# TO DO
Word for word, output the data, with none of its pictures.

# GIVEN INFORMATION
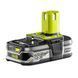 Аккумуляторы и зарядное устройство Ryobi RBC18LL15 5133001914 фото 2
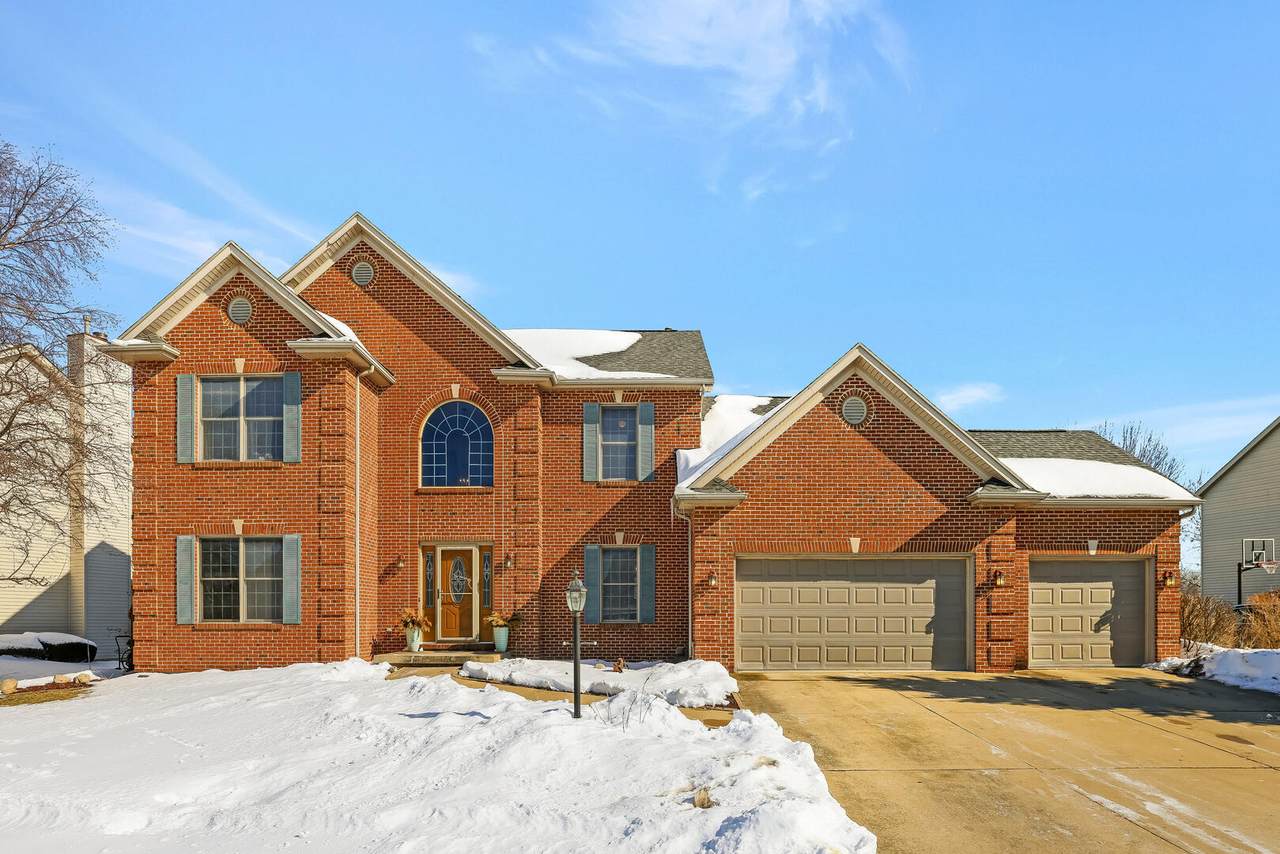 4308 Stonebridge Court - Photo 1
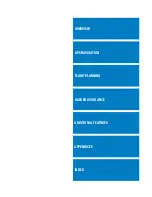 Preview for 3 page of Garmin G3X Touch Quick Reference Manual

# ANSWER TO THE EXERCISE
 Аккумуляторы и зарядное устройство Ryobi RBC18LL15 5133001914 фото 2
 4308 Stonebridge Court - Photo 1
 Preview for 3 page of Garmin G3X Touch Quick Reference Manual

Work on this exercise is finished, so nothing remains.